For didactic purposes, the paper introduced a problem and a solution and next described the factors that could aid its implementation. In reality, the factors have already provided a scaffold to elaborate the solution in the first place. Good tools provide the opportunity to deliver any desirable quality. The business domain defines the requirements. How much quality is delivered depends on how much investment is committed. Similarly, the paper obtains rough results. An inquiring reader would use the same scaffolding and unpack more as the task requires.
4.1 Theory selection principles
The drive for a universally applicable mechanism excludes the phenomenal consciousness theories. The phenomenal consciousness is likely only a subsection in the option space for consciousness. Dennett’s multiple draft theory (Dennett, 1991) suggests that the phenomenal space does not exist. Evans and Frankish (2009) implied that it is a verbalization stage in data processing. Verbality is a tool that helps generalize and handle experience. It might be computationally efficient but not entirely necessary. A phenomenal approach excludes non-verbal intentionality and the meta-verbal collective psyche. Both are of interest for alignment research. The collective psyche, indulgently called collective unconscious, has reliably produced genocidal acts (Levin, 2022) like crusades, the Holocaust, and a war up until the last Ukrainian. Removing the fluff invariant may help lower complexity and unlock the consciousness potential on a grand scale.

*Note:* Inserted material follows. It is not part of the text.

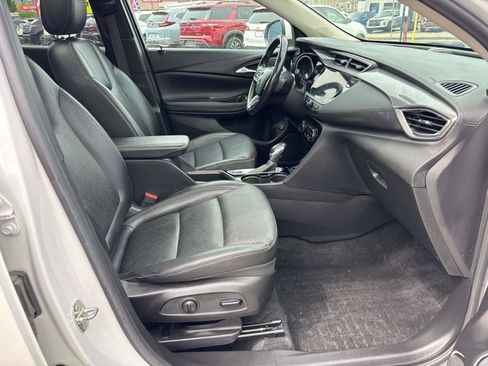 Used 2022 Buick Encore GX Essence w/ Experience Buick Package AWD/4WD image 17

The theories of interest would have predictive powers in cognitive consciousness (Humphrey, 2022). Furthermore, a practical goal restricts the theoretical base to functional consciousness. Unfortunately, there are numerous contradicting theoretical claims even in this narrow field of knowledge. Therefore, it would be useful to draw the functional content from the first principles. Therefore, the evolutionary approach has to be considered.
Simplicity is a deceptive target. Computationalism researchers have developed sophisticated models (Anderson et al., 2004; Franklin, 2007; Laird, 2012; Shanahan, 2006; Sun, 2001) that still lack an alignment dimension. That is, their complex solutions are not complex enough. Here, again, it would be better to start from the first principles. It is not excluded that organic growth and a gradual increase in architectural complexity will end up where other researchers have left. In particular, the CLARION concept (Sun, 2001), which taps similar architectural composition, is a suspect. However, this growth will keep the alignment aspect in mind and ensure that the solution permutations are safe. One of the least complex, while meaningful, consciousness sciences is psychiatry. Piling at its principles will help keep complexity at bay.
A cross section of evolution and psychiatric theories can reveal the essence of functional consciousness. A biomimetic approach can transform the knowledge into an aligned ASI system. This system will possess synthetic consciousness by definition. Levin (2022) stipulated that consciousness cannot be restricted to human-like beings. Synthetic consciousness is just a kind of consciousness. It is meant here foremost to establish a scalable friendly AI alignment.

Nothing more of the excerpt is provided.